Russian investigators are expected to press new charges against some of the 28 Greenpeace activists and two journalists detained in connection with a protest at the Prirazlomnaya oil rig, after allegedly finding narcotics (‘presumably poppy straw and morphine’) aboard the Greenpeace vessel.  Greenpeace Russia ridiculed the allegations: ‘The Investigative Committee ‘found’ narcotics.
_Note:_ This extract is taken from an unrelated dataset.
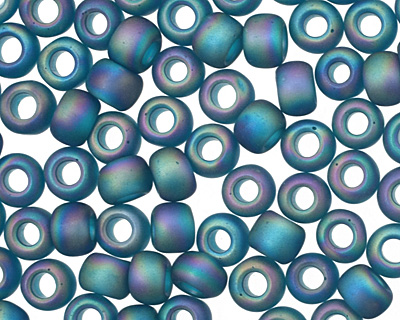 TOHO Transparent Rainbow Frosted Teal Round 8/0 Seed Bead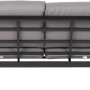Rückansicht des Home Deluxe Lounge-Sets Rio L: Sofa mit schwarzem Aluminiumrahmen und hellgrauen Kissen.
We are waiting for it to find an atomic bomb and a striped elephant.’  Kumi Naidoo, the head of Greenpeace International, has written to President Vladimir Putin requesting a meeting to discuss the recent developments.  Putin has submitted legislation that would abolish the Supreme Arbitration Court and replace it with the Supreme Court.  The criminal probe against VKontakte founder Pavel Durov has been halted.  Gazprom will supply discounted gas to a Ukrainian tycoon (36% cheaper than the gas supplied to Ukraine) for underground storage.

Residents of Sochi are experiencing a crackdown as authorities attempt to improve security in advance of next year’s Olympics.  Despite the $50 billion that they will have cost once building is complete, ‘the Games could still be an embarrassing flop’.  Vladimir Putin ‘considers this project his baby’, but venues may not be ready on time, as photographs of current conditions indicate.  The Dutch foreign minister granted Vladimir Putin’s request yesterday and apologised for the detention of a Russian diplomat in The Hague, acceding that his right to diplomatic immunity had been violated.  Meanwhile, Russia may add tulips to the current embargo on Dutch dairy products.  Kaliningrad residents have been protesting against the ban on Lithuanian dairy products, because workers in the region are suffering without pay as a result of the blockade.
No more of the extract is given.